Untold Stories: First-ever US Nakba Museum opens in Washington DC
When Bshara Nassar arrived in Washington, DC, he strolled along the National Mall and passed myriad museums dedicated to exposing the painful history of oppressed peoples: the National Museum of the American Indian, the Holocaust Museum, Laogai Museum, the list goes on. He quickly recognized there was no “place for the Palestinian story to be told,” which inspired him to launch the first-ever Nakba Museum Project of Memory and Hope.
As Nassar worked on a master’s degree in conflict transformation, the thought of a space dedicated to Palestinian voices became a working reality. He was particularly interested in telling the little-known story of the “Nakba,” which means “catastrophe” in Arabic. The term is used to refer to the displacement of more than 700,000 Palestinians from their homes in 1948 when the State of Israel was created. Today, nearly 5 million people, nearly all of them descendants of the original group, are registered as Palestinian refugees with the United Nations.
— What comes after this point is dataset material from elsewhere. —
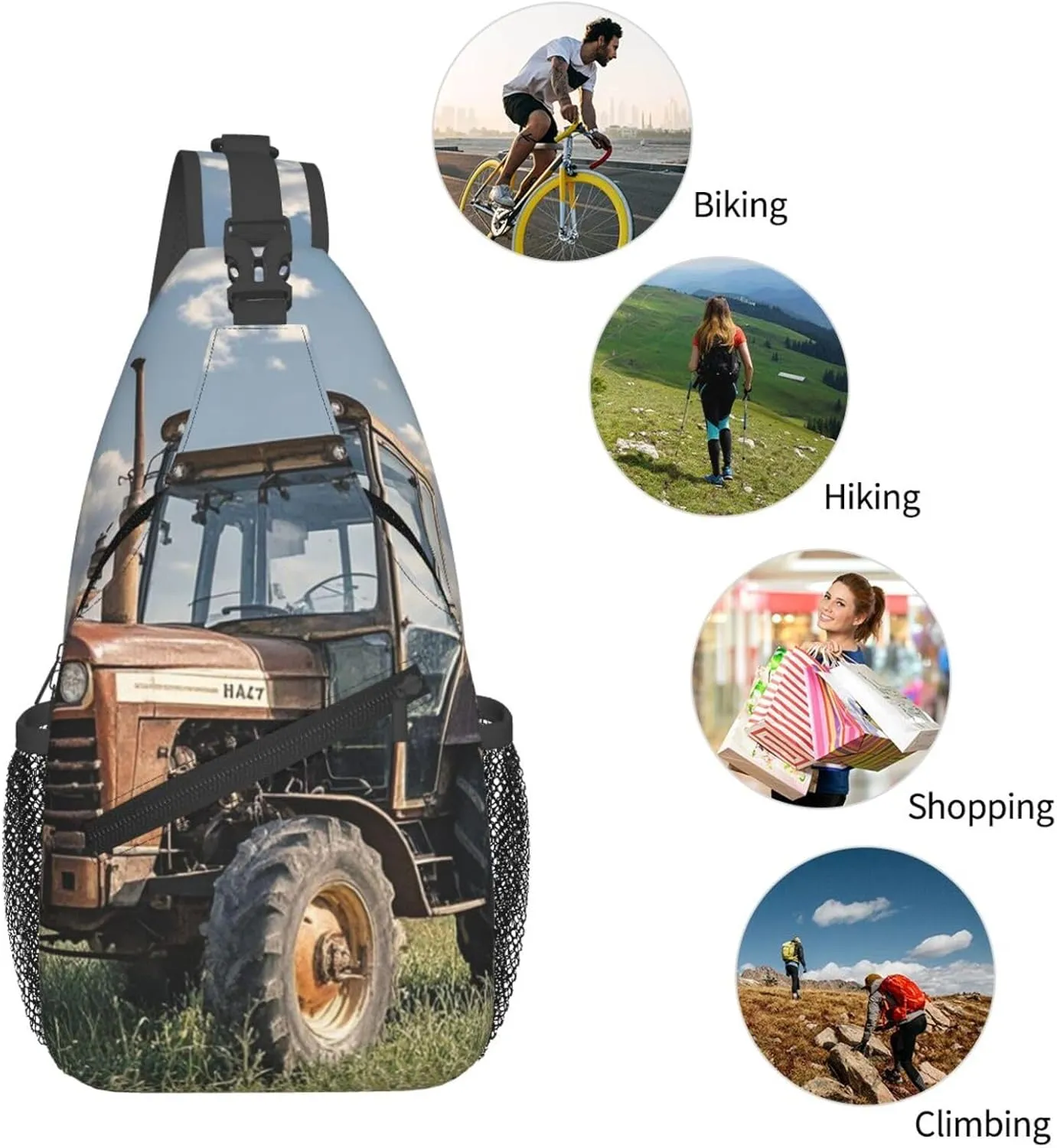 Sling Bag for Men Women Crossbody Backpack Old Tractor Photo Farm Crossbody Bag Chest Bag for Travel Sport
A non-partisan team of Palestinian and Jewish-American artists formed to support Nassar’s dream. One of the artists whose work will be featured in the upcoming exhibit, painter Ahmed Hmedat, curated the show by recruiting other Palestinian artists and helping assemble their work for display. Another collaborator of Nassar’s was an American Jewish friend named Sam Feigenbaum, who did the exhibit’s website and graphic design.
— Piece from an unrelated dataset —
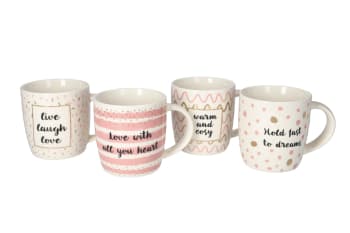 Porcelain Printed Mugs 4pcs 360ml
“I just wanted to prove that somewhere in the world that a Jew and a Palestinian could get along,” said Feigenbaum, who had first met Nassar several years earlier and got back in touch with him after the outbreak of a war in Gaza last fall.
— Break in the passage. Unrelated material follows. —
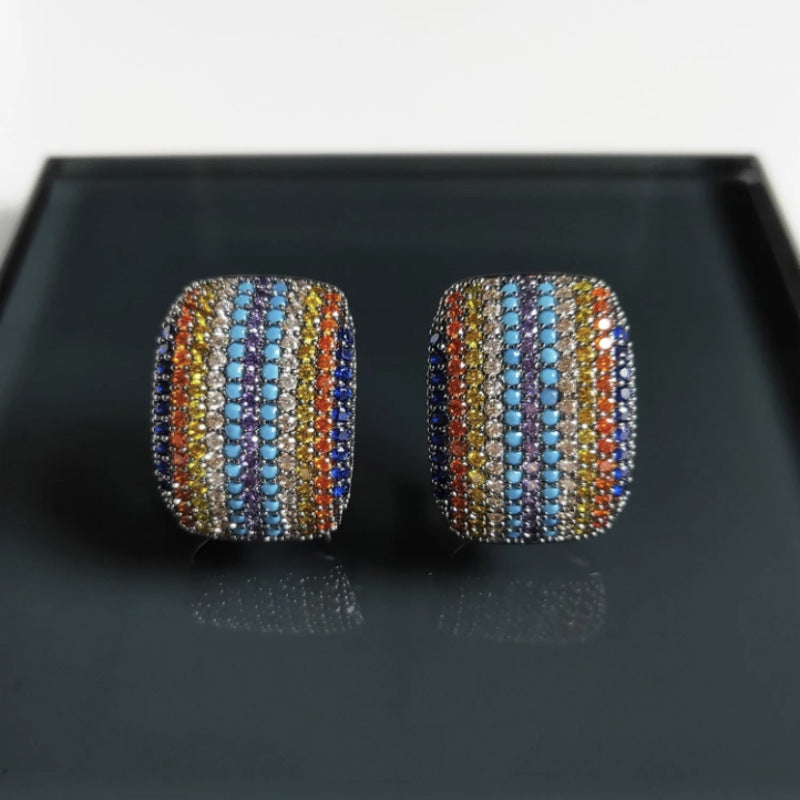 Wholesale 925 silver light luxury color micro inlaid zircon niche ear buckle simple geometric C- shaped earrings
After a successful fundraising campaign earlier this year, that project will formally launch on June 13, 2015, with the opening of a two-week art exhibit at the Festival Center in Washington D.C.
The exhibit will feature the work of six Palestinian refugee artists. Nassar chose to use their painting and photography as the primary method of telling the refugees’ story because art “is a language that everyone can understand.”